The File System inodes graph displays the number of inodes that are currently available or are in use by the selected file system.
A large number of inodes in use in the file system indicates that either the file system contains a lot of files or that it contains a lot of fragmented files.
-
Inodes free: Displays the number of free inodes available. These inodes are available for use in allocating files in the selected StorNext file system. This value should not reach zero unless all of the StorNext metadata space has been consumed. Inodes are allocated dynamically.
-
Inodes used: Displays the number of inodes allocated. These inodes are in use by the StorNext file system. This graph will show the growth in the number of files used in the StorNext file system.
The File System connections graph displays the number of StorNext DLC and SAN clients that are connected to the selected file system.
Use this graph to view the history of your client connections. The number of connections will remain steady if the client computers are left running all the time.
-
Proxy Connections: Displays the number of StorNext DLC clients connected to this StorNext file system.
-
Connections: Displays the number of StorNext SAN clients connected to this StorNext file system.
The File System CPU Load graph displays the percentage of CPU resources consumed by the File System process for the selected file system.
The File System Memory Usage graph displays the total amount of physical and virtual memory in use by the selected file system.
If the file system’s performance degrades, then check this graph for an increase of physical memory (size) in use. This could indicate that runaway processes are doing lots of busy work (thrashing) or that caching is set too high.
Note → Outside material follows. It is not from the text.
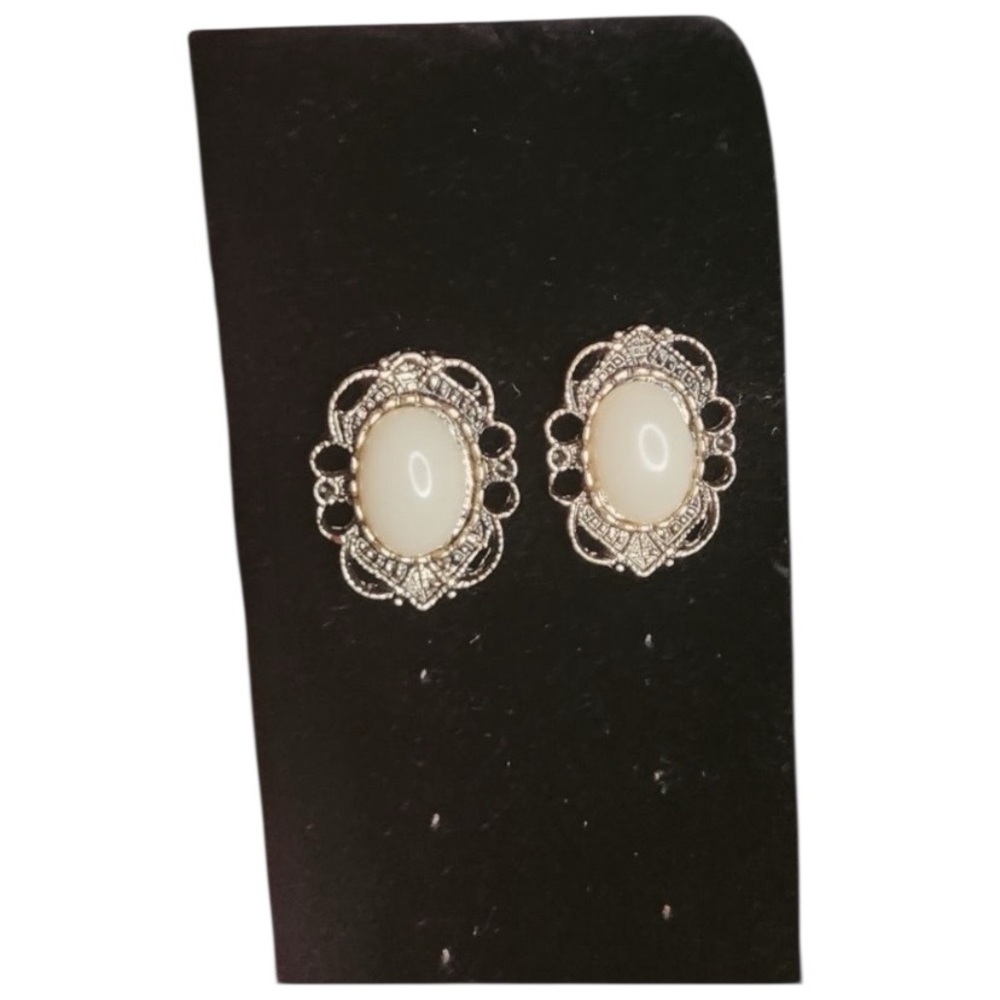 Vintage Victorian Revival Earrings - Picture 2 of 3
A rapid increase in physical memory usage (for example, the file system was using around 200 MB of memory suddenly shot up to 2 GB) may indicate a client or caching issue. If this occurs, you should check the cvlogs to see what happened at the time of the increase.
-
Size: Indicates the total amount of physical memory in use by the by the file system. High levels of memory consumption by the StorNext FS process could lead to performance if virtual memory swapping once contention for memory resources is seen.
-
Vsize: Indicates the total amount of virtual memory in use by the file system. The virtual memory size will display the total process footprint for the file system.
A time range is like a window through which you view performance data. Each report displays performance data for the time range you choose. All graphs in a report display data for the same time range. By default, StorNext Metrics reports display data for the most recent hour of logging. You can move the time range backward and forward in time, and you can make the time range longer or shorter. When you change the time range, the report automatically adjusts the resolution of performance data. For example, the resolution is finer (more granular) for shorter time ranges and is coarser (less granular) for longer time ranges.
Note: No matter how long the time range is, the report scales all graphs in the report so that the time range uses the entire width of each graph.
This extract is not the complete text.